▶ Materials provided:
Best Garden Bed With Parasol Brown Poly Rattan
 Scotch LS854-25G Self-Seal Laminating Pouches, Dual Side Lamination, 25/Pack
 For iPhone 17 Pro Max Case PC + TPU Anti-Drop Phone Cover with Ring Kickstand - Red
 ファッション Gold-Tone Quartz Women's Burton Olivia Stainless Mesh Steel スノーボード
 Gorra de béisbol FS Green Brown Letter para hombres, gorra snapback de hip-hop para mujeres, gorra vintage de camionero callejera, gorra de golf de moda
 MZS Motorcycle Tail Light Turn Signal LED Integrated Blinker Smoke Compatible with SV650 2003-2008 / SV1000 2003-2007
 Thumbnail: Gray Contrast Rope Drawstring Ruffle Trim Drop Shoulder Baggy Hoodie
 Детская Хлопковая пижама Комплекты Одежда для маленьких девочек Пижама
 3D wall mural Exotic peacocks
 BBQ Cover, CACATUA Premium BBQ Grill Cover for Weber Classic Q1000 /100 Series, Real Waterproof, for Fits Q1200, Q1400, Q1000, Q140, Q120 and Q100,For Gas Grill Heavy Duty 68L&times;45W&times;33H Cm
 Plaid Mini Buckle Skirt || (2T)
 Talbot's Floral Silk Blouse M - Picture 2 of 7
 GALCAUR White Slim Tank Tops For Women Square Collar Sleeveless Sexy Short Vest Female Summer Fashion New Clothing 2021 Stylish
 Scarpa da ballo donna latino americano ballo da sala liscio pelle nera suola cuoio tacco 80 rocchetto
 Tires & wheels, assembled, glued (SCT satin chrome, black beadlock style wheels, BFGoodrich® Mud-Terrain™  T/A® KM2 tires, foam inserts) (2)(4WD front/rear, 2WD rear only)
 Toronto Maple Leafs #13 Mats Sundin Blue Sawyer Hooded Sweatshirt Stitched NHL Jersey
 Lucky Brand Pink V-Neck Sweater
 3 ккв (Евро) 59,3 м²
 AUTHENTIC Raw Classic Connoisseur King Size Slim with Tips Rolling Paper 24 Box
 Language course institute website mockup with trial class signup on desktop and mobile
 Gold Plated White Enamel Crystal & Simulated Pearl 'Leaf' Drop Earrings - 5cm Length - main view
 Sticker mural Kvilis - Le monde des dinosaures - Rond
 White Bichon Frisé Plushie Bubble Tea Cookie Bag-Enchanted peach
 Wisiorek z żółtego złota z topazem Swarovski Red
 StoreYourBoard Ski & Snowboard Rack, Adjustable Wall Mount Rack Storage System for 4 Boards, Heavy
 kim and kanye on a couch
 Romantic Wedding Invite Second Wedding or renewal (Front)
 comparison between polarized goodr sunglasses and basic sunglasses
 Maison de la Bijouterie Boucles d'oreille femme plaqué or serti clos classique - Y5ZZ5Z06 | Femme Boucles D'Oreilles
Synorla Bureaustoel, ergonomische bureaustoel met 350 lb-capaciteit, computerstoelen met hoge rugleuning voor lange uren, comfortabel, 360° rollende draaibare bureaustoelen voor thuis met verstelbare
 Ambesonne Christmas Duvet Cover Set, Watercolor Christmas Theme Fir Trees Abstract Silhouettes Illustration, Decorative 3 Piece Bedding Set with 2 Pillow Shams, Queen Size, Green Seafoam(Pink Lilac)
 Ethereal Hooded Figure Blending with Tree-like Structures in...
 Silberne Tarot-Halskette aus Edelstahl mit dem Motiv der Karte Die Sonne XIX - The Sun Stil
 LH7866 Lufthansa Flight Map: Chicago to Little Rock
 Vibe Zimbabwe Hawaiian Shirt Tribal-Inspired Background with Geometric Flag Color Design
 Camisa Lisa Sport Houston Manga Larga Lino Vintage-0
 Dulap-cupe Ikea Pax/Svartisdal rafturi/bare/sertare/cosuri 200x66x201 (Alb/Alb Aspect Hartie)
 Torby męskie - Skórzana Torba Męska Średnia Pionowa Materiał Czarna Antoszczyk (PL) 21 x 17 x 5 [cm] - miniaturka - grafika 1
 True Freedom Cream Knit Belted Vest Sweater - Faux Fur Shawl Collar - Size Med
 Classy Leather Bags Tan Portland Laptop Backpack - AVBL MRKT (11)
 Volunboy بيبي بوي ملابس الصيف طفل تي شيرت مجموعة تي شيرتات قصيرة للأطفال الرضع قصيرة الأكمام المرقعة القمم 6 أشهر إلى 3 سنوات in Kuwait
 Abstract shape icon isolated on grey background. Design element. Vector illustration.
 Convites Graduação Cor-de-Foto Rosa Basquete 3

▶ What to work on: Keeping each line intact, set down the entire listing once more.

▶ Reply to the task:
Best Garden Bed With Parasol Brown Poly Rattan
 Scotch LS854-25G Self-Seal Laminating Pouches, Dual Side Lamination, 25/Pack
 For iPhone 17 Pro Max Case PC + TPU Anti-Drop Phone Cover with Ring Kickstand - Red
 ファッション Gold-Tone Quartz Women's Burton Olivia Stainless Mesh Steel スノーボード
 Gorra de béisbol FS Green Brown Letter para hombres, gorra snapback de hip-hop para mujeres, gorra vintage de camionero callejera, gorra de golf de moda
 MZS Motorcycle Tail Light Turn Signal LED Integrated Blinker Smoke Compatible with SV650 2003-2008 / SV1000 2003-2007
 Thumbnail: Gray Contrast Rope Drawstring Ruffle Trim Drop Shoulder Baggy Hoodie
 Детская Хлопковая пижама Комплекты Одежда для маленьких девочек Пижама
 3D wall mural Exotic peacocks
 BBQ Cover, CACATUA Premium BBQ Grill Cover for Weber Classic Q1000 /100 Series, Real Waterproof, for Fits Q1200, Q1400, Q1000, Q140, Q120 and Q100,For Gas Grill Heavy Duty 68L&times;45W&times;33H Cm
 Plaid Mini Buckle Skirt || (2T)
 Talbot's Floral Silk Blouse M - Picture 2 of 7
 GALCAUR White Slim Tank Tops For Women Square Collar Sleeveless Sexy Short Vest Female Summer Fashion New Clothing 2021 Stylish
 Scarpa da ballo donna latino americano ballo da sala liscio pelle nera suola cuoio tacco 80 rocchetto
 Tires & wheels, assembled, glued (SCT satin chrome, black beadlock style wheels, BFGoodrich® Mud-Terrain™  T/A® KM2 tires, foam inserts) (2)(4WD front/rear, 2WD rear only)
 Toronto Maple Leafs #13 Mats Sundin Blue Sawyer Hooded Sweatshirt Stitched NHL Jersey
 Lucky Brand Pink V-Neck Sweater
 3 ккв (Евро) 59,3 м²
 AUTHENTIC Raw Classic Connoisseur King Size Slim with Tips Rolling Paper 24 Box
 Language course institute website mockup with trial class signup on desktop and mobile
 Gold Plated White Enamel Crystal & Simulated Pearl 'Leaf' Drop Earrings - 5cm Length - main view
 Sticker mural Kvilis - Le monde des dinosaures - Rond
 White Bichon Frisé Plushie Bubble Tea Cookie Bag-Enchanted peach
 Wisiorek z żółtego złota z topazem Swarovski Red
 StoreYourBoard Ski & Snowboard Rack, Adjustable Wall Mount Rack Storage System for 4 Boards, Heavy
 kim and kanye on a couch
 Romantic Wedding Invite Second Wedding or renewal (Front)
 comparison between polarized goodr sunglasses and basic sunglasses
 Maison de la Bijouterie Boucles d'oreille femme plaqué or serti clos classique - Y5ZZ5Z06 | Femme Boucles D'Oreilles
Synorla Bureaustoel, ergonomische bureaustoel met 350 lb-capaciteit, computerstoelen met hoge rugleuning voor lange uren, comfortabel, 360° rollende draaibare bureaustoelen voor thuis met verstelbare
 Ambesonne Christmas Duvet Cover Set, Watercolor Christmas Theme Fir Trees Abstract Silhouettes Illustration, Decorative 3 Piece Bedding Set with 2 Pillow Shams, Queen Size, Green Seafoam(Pink Lilac)
 Ethereal Hooded Figure Blending with Tree-like Structures in...
 Silberne Tarot-Halskette aus Edelstahl mit dem Motiv der Karte Die Sonne XIX - The Sun Stil
 LH7866 Lufthansa Flight Map: Chicago to Little Rock
 Vibe Zimbabwe Hawaiian Shirt Tribal-Inspired Background with Geometric Flag Color Design
 Camisa Lisa Sport Houston Manga Larga Lino Vintage-0
 Dulap-cupe Ikea Pax/Svartisdal rafturi/bare/sertare/cosuri 200x66x201 (Alb/Alb Aspect Hartie)
 Torby męskie - Skórzana Torba Męska Średnia Pionowa Materiał Czarna Antoszczyk (PL) 21 x 17 x 5 [cm] - miniaturka - grafika 1
 True Freedom Cream Knit Belted Vest Sweater - Faux Fur Shawl Collar - Size Med
 Classy Leather Bags Tan Portland Laptop Backpack - AVBL MRKT (11)
 Volunboy بيبي بوي ملابس الصيف طفل تي شيرت مجموعة تي شيرتات قصيرة للأطفال الرضع قصيرة الأكمام المرقعة القمم 6 أشهر إلى 3 سنوات in Kuwait
 Abstract shape icon isolated on grey background. Design element. Vector illustration.
 Convites Graduação Cor-de-Foto Rosa Basquete 3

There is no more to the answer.